Département des Arts graphiques : XVIIe siècle

Le Martyre de saint Pierre

Musée du Louvre, dist. RMN-Grand Palais - Photo S. Nagy

Arts graphiques
XVIIe siècle

Auteur(s) :
Catherine Scheck

Cette page tumultueuse illustrant le martyre de saint Pierre est l'une des deux précieuses études d'ensemble conservées au Louvre pour le monumental tableau du May de 1643, offrande prestigieuse de la corporation des orfèvres à Notre-Dame de Paris, le 1er mai de chaque année. Ambitieuse, singulière et très admirée, l'oeuvre assura la réputation parisienne de Bourdon, parmi les créateurs les plus féconds et les plus séduisants du XVIIe siècle. Il fut peintre, dessinateur et graveur.

Un virtuose

Libéré d'un imprudent engagement dans l'armée, à 18 ans, Bourdon est à Rome de 1634 à 1637. Avec fougue, il regarde, copie, imite et promptement se fait remarquer par l'insolente virtuosité de ses pastiches (Van Lear, Castiglione, Claude Gellée, dit Le Lorrain, et Poussin principalement) et une précocité savante (science de la construction, délicatesse des accords chromatiques, finesse de l'éclairage) qui conférera à ses "bambochades à la française" un charme très personnel (L'Osteria au fumeur de pipe, Montpellier, musée Fabre).
L'éclectisme brillant de ses créations raffinées sera fort goûté des connaisseurs à Paris dès 1638 comme à Rome et jusqu'à Stockholm, à la cour de la reine Christine qui le choisit comme Premier Peintre (1652-1653).
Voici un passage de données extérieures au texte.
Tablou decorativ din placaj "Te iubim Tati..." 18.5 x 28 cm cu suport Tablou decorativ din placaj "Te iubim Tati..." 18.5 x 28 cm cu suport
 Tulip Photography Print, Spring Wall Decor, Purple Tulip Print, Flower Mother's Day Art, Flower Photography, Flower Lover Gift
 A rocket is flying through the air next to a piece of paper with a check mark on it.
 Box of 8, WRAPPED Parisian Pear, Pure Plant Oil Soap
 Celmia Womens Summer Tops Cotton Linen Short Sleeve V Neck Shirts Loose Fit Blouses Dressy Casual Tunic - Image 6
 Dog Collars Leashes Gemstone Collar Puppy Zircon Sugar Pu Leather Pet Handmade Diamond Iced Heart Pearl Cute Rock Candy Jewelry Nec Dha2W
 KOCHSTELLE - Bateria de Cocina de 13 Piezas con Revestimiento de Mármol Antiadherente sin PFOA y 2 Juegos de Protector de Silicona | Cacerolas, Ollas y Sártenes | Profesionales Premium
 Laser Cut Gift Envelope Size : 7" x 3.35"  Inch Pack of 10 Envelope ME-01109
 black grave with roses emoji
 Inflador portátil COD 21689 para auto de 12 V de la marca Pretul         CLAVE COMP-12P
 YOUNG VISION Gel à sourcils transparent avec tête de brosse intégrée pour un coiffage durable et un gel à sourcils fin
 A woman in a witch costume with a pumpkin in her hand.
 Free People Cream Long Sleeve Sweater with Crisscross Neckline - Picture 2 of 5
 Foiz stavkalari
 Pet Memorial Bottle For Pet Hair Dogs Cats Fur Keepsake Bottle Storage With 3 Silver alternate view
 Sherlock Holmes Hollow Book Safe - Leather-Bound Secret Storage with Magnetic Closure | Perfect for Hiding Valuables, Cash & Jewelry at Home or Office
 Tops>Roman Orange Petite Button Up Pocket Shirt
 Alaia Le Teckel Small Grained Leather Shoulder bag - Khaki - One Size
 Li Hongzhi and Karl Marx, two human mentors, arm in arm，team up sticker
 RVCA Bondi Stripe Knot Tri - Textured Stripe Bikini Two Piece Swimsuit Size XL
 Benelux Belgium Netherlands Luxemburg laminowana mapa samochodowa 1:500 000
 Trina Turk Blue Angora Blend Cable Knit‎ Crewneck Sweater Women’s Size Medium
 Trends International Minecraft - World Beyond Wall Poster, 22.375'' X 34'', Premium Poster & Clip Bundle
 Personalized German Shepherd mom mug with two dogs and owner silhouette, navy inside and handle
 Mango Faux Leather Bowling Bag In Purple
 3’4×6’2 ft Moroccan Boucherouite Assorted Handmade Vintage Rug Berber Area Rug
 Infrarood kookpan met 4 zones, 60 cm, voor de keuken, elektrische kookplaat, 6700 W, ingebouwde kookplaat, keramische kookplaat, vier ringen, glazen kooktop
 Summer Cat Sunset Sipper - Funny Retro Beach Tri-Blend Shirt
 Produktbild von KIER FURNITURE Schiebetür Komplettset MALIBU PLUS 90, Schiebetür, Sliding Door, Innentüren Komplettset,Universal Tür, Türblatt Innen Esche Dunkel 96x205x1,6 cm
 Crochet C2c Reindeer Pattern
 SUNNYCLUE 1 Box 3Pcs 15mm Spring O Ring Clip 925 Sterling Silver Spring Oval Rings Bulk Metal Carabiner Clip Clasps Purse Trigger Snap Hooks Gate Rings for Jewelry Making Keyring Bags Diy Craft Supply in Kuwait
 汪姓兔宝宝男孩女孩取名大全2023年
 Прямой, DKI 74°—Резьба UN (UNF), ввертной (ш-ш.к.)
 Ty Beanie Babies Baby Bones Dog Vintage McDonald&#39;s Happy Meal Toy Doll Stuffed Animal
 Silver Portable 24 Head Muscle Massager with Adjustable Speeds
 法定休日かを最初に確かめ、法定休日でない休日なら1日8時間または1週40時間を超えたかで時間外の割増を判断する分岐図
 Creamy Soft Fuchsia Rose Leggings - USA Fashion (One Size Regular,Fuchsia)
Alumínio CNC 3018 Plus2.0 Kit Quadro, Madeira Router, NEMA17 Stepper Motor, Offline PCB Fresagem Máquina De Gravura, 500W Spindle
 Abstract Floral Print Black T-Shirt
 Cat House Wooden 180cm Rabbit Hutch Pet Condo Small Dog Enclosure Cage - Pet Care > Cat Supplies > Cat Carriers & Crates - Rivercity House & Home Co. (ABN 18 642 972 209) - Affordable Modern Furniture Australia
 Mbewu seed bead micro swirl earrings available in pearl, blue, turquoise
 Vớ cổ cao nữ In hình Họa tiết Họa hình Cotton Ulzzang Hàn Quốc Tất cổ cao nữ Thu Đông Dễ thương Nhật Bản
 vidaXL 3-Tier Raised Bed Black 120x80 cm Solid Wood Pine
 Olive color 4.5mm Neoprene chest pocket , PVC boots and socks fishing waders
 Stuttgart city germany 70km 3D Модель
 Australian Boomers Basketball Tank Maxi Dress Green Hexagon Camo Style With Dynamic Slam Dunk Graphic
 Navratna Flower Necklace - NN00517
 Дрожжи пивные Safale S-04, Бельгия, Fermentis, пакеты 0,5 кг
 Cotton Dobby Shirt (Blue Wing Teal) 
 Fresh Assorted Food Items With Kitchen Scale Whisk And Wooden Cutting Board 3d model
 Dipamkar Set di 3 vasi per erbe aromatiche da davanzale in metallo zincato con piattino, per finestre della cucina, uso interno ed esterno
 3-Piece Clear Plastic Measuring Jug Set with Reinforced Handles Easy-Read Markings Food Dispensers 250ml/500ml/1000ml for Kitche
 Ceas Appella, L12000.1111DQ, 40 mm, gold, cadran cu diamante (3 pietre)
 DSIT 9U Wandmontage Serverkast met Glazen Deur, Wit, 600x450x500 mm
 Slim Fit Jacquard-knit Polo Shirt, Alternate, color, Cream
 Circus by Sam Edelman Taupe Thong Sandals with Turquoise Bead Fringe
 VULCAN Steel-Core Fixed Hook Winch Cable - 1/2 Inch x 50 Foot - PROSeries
Bourdon fut en effet l'un des rares artistes du XVIIe siècle à explorer tous les genres de la peinture, avec volupté et non sans succès. Pourrait suffire à le rappeler la séduction véritable d'oeuvres aussi caractéristiques que Le Sacrifice d'Iphigénie (Orléans, musée des Beaux-Arts)¸ La Sainte Famille avec sainte Elisabeth et saint Jean (Dijon, musée Magnin) ou le portrait dit de L'Homme aux rubans noirs (Montpellier, musée Fabre).
Les décors peints irrémédiablement perdus (galerie de l'Hôtel Bretonvilliers, 1663-1665 ; chambre du roi aux Tuileries, 1670-1671), le grand tableau du May, à nouveau visible à Notre-Dame de Paris (dépôt du Louvre ; gravé par N.-H. Tardieu), donnent la mesure du peintre d'histoire. Face à la suprématie de Vouet et de Poussin, et malgré son admiration pour ce maître, l'ambitieux peintre de 27 ans, calviniste de surcroît, impose les audaces d'une oeuvre d'exception : un éclatant hommage à la peinture vénitienne et à Véronèse particulièrement, porté par un élan pleinement baroque, très novateur. Après cette vision tourmentée du martyre, Bourdon est à nouveau influencé par Poussin (espace géométriquement structuré, noblesse des attitudes), sans renoncer à la vivacité de sa palette, ni à son habituelle élégance.

La richesse des dons

Expérience décisive, le May requit une préparation exigeante. "Pour y parvenir, il fit plusieurs desseins plus excellens les uns que les autres. J'en possède deux qui sont d'une beauté singulière", écrit P.-J. Mariette dans l'Abecedario. Ce témoignage souligne la qualité des deux feuilles du Louvre, réunies par le plus distingué des collectionneurs français du XVIIIe siècle. Foisonnantes, très travaillées mais éloignées encore de la composition définitive moins dense, l'une et l'autre sont révélatrices des dons de l'artiste, "plein de feu et de facilité" (Mariette, op. cit.). Un autre dessin préparatoire se trouve à Cambridge (Harvard University Art Museum, Inv 1984.583) et un modello (Spencer Museum of Art) complètent les recherches de Broudon pour cette commande prestigieuse. Avec quatre autres feuilles remarquables, vendues en 1671 à Louis XIV par E. Jabach, ami de Bourdon, le Louvre offre le fonds le plus ancien et le plus considérable.
La nécessaire reconstruction de l'oeuvre dessiné conduite par J. Thuillier fait valoir la haute tenue de l'oeuvre gravé. Prodigieux dessinateur, Bourdon fut encore l'un des meilleurs graveurs du XVIIe siècle.

Bibliographie

- J. GUIFFREY et P. MARCEL, Inventaire général des Dessins du Musée du Louvre et du Musée de Versailles, École Française, t. II, 1908, n° 1632.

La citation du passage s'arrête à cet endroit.